Em 8 de fevereiro de 1919, quando o Farman F.60 Goliath decolou de Paris a Londres, seus 11 passageiros receberam uma tacinha de champanhe. Para brindar e, como se acreditava, para aplacar o enjoo em voos turbulentos como era aquele. Nasceu ali, uma tradição das aéreas.
Os menus, por sua vez, surgiram quase 10 anos mais tarde, em 1928, na mesma rota, servidos pela Air Union. Outro costume que pegou no mundo da aviação. De maneira que desde o primeiro voo, em 7 de outubro de 1933, quando partiu de Paris a Londres em 65 minutos, a Air France (uma fusão da Air Orient, Air Union, Société Générale de Transports Aériens, Compagnie Internationale de Navigation Aérienne et Aéropostale) já tinha essas duas incumbências em mente.

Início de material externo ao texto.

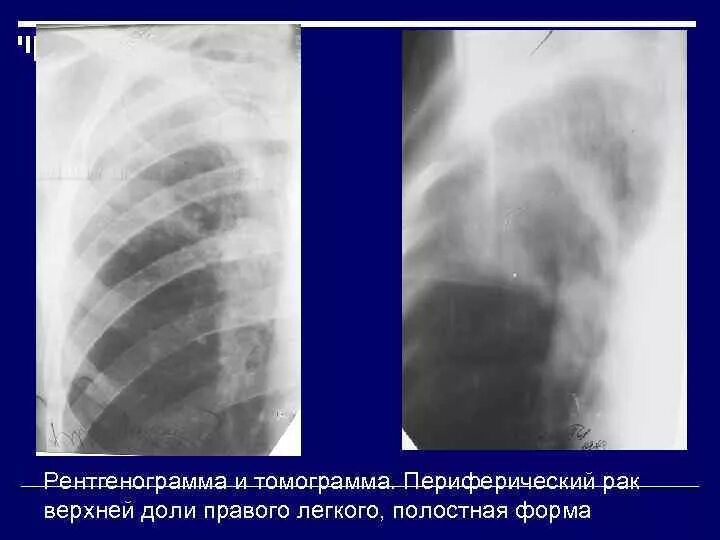 Образование в легком форму. Перифирический очаг верхней доли правого легкого. образование верхней доли правого легкого. периферический c-r нижней доли правого легкого. шаровидное образование в легком.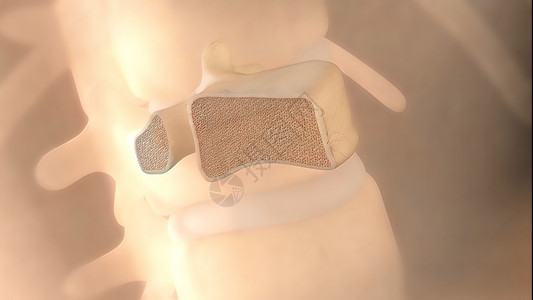 脊椎骨损伤损伤肩膀插图药品疼痛视频白色手指运动科学图片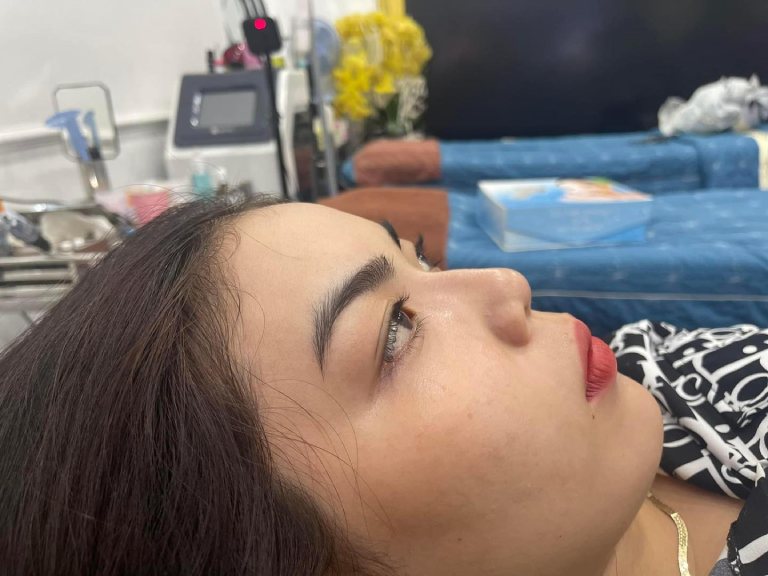 nâng mũi tại Thẩm Mỹ Viện Thành Công Cà Mau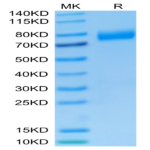 Human NKG2A&CD94 Protein (NKC-HM394)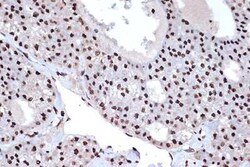Histone H2AY/macroH2A.1 Rabbit anti-Human, Mouse, Rat, Clone: 4D2O4, Novus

Contudo, embora a concorrência se gabasse de lagosta no cardápio, a companhia não embarcou na ideia: “Dada a turbulência e o constante rolamento da aeronave, poucos passageiros estavam dispostos a comer. A maior parte do meu trabalho consistia em coletar sacos de vômito”, testemunhou Pierre Can, barman (ainda não existia comissário de bordo!) do Dewoitine 338, em 1938.
Os primeiros menus de êxito só vieram em 1946. Na altura, aeromoças sorridentes serviam orgulhosas receitas pomposas, como pato com laranja, e eram instruídas a jamais iniciarem os procedimentos de descida até que todos os passageiros da primeira classe tivessem terminado a refeição. Tanto assim que não chocava ninguém que a aeronave Super Constellation ostentasse caviar, esculturas, louças sofisticadas, talheres de prata e vinhos safrados de Bordeaux.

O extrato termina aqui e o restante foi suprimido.